I decided to write another one this is the code:
# Import Modules
import urllib.request
import re
# Downloading Live Score XML Code From Website and reading also
xml_data = urllib.request.urlopen('http://static.cricinfo.com/rss/livescores.xml').read()
# Pattern For Searching Score and link
pattern = "<item>(.*?)</item>"
# Finding Matches
for i in re.findall(pattern, xml_data, re.DOTALL):
result = re.split('<.+?>',i)
print (result[1], result[3]) # Print Score
And I got this error:
Traceback (most recent call last):
File "C:\Users\Bright\Desktop\live_score.py", line 12, in <module>
for i in re.findall(pattern, xml_data, re.DOTALL):
File "C:\Python34\lib\re.py", line 206, in findall
return _compile(pattern, flags).findall(string)

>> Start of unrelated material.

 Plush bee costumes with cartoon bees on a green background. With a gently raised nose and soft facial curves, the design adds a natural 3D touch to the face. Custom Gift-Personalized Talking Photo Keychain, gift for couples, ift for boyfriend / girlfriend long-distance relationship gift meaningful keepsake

TypeError: can't use a string pattern on a bytes-like object
On your first example - the site is loading its content by heavy javascript so I suggest using selenium in fetching the source.
Your code should look like this:
import bs4 as bs
from selenium import webdriver
url = 'http://www.livescore.com/'
browser = webdriver.Chrome()
browser.get(url)
sauce = browser.page_source
browser.quit()
soup = bs.BeautifulSoup(sauce,'lxml')
for div in soup.find('div', attrs={'data-type': 'container'}).find_all('div'):
print(div.text)
For the second example, it regular expression engine returns an error because the read()
function from your requests gives byte data type, "re" only accepts strings or unicode. So you just t have toypecast xml_data to str.
This is the modified code:
for i in re.findall(pattern, str(xml_data), re.DOTALL):
result = re.split('<.+?>',i)
print (result[1], result[3]) # Print Score